Important tidbits for Children’s Dental Health Month

  • Published
  • By Maj. Aaron Krance
  • 22nd Medical Group dental clinic
*Editor's note: The 22nd Medical Group dental clinic has put together a list of children's dental health tips. For more information, please call the dental clinic at (316) 759-5182.*

1. Starting at birth, gently clean your child's gums with a soft infant toothbrush or cloth and water. As soon as the teeth begin to appear, start brushing them twice daily using fluoridated toothpaste and a soft, age-appropriate sized toothbrush. Use a "smear" of toothpaste to brush the teeth of a child less than 2 years of age.

2. Your child should have their first visit to the dentist once their first tooth appears, but no later than one year old.

3. Generally, mouthwashes are not recommended for children who are incapable of spitting after rinsing. This skill usually comes later in life, around the age of 6. It's important to note that mouthwashes are not a substitute for brushing.

4. Thumb and pacifier sucking habits will generally only become a problem if they go on for a very long period of time. Most children stop these habits on their own, but if they are still sucking their fingers or thumb past the age of three, your dentist may recommend a mouth appliance to help them break the habit.

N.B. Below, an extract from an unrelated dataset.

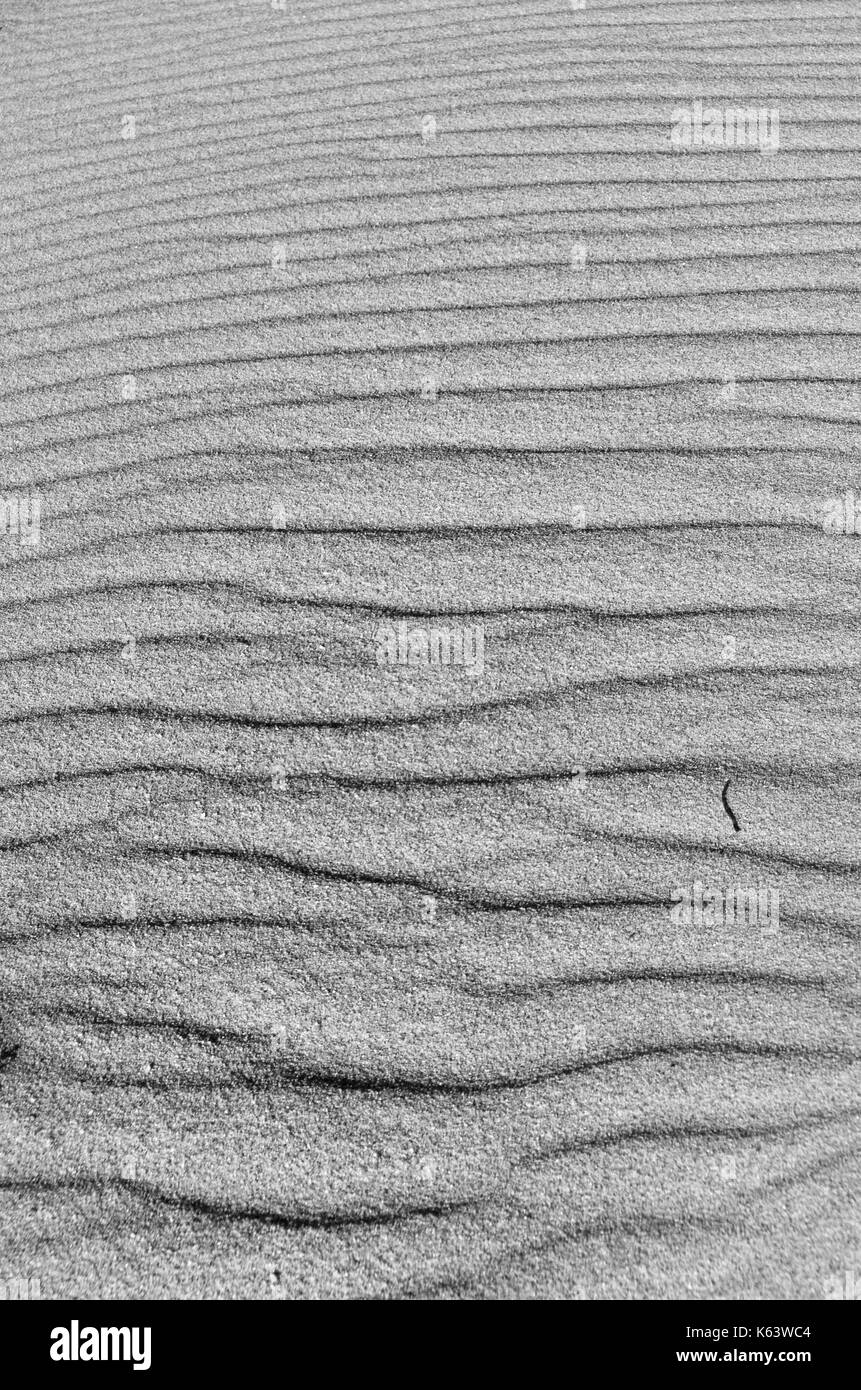 Beach sand texture formed by wind. Natural backgrounds Stock Photo Alamy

5. Avoid nursing children to sleep or putting anything other than water in their bed-time bottle to prevent the formation of dental caries (cavities) overnight.

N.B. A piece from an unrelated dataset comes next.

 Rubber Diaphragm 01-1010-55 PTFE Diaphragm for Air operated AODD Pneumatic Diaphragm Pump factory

6. A check-up every six months is recommended in order to prevent cavities and other dental problems; however, your dentist can tell you when and how often your child should visit based on their oral health.

7. The face and mouth begin to develop three weeks after conception. Risky behaviors like smoking and drinking alcohol can affect the development of these features.

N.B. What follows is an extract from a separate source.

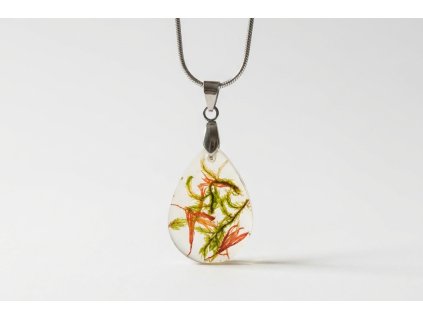 956de9eb 584b 4405 b727 e5ce8b61deed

8. Make sure your child has a balanced diet including one serving each of fruits and vegetables, breads and cereals, milk and dairy products, and meat, fish and eggs. Limiting the servings of sugars and starches will also aid in protecting your child's teeth from decay.

9. Sealants work by filling in the crevasses on the chewing surfaces of the teeth. This shuts out food particles that could get caught in the teeth causing cavities. The application is fast, comfortable and can effectively protect teeth for many years.

10. If you live in an area where your primary water supply is not fluoridated or your child primarily drinks bottled water, dentists recommend supplementing your child's water intake with 8 ounces of fluoridated water daily. Fluoridated gallons of water are available at most major grocery stores.

11. Soft plastic "boil and bite" mouthguards should be used to protect your child's teeth, lips, cheeks and gums from injury whenever they play contact sports. If you like, your dentist can make a custom mouthguard for your child for better fit and protection.

12. If your child knocks out a permanent tooth, stay calm and find the tooth. Hold it by the crown instead of the root and try to re-insert it in the socket. If that is not possible, put the tooth in a glass of milk and take your child and the glass immediately to your dentist.

13. There is very little risk in dental x-rays. Dentists are careful to limit the amount of radiation to which children are exposed. Lead aprons and high speed films or digital x-rays are used to ensure safety and minimize the amount of radiation.

14. Pick toothpaste for your child with the American Dental Association seal of acceptance on it. This indicates that the toothpaste has met ADA criteria for safety and effectiveness.

15. Dental caries are the #1 childhood disease, four times more prevalent than asthma, which is #2.

16. The majority of babies' first teeth erupt between the ages of 4-7 months. Teeth may appear as early as 3 months or as late as one year old.

17. Community water fluoridation and dental sealants are two leading evidence-based interventions to prevent tooth decay.

18. Growing evidence suggests a link between gum disease and premature, underweight births. Pregnant women who have untreated gum disease may be more likely to have a baby that is born too early and too small.

19. Limit not only sugary items in your child's diet, but also sugar free acidic beverages (diet sodas, sparkling water, fruit juices).

20. By the time a child enters the first grade, the six year molars have usually erupted. This is a permanent tooth but is commonly mistaken for another primary tooth since no tooth is lost before it appears. This tooth is one of the most important in a child's mouth because it helps the other permanent teeth come into their proper place.

21. Primary teeth are important not only for appearance and speech, but also for chewing which aids in digestion. Additionally, they preserve space for erupting permanent teeth.

22. It's a good idea for parents to start flossing their child's teeth as soon as the teeth are in contact with one another.

23. Most children lack the coordination and discipline to brush their own teeth properly until the age of 6 or 7. Until then, parents should help and/or monitor their brushing.

24. Replace your child's toothbrush every 3 to 4 months or even sooner if it shows obvious signs of wear. Do not let your child chew on his or her toothbrush. This will greatly shorten the lifespan of the toothbrush.

25. Never share toothbrushes between children.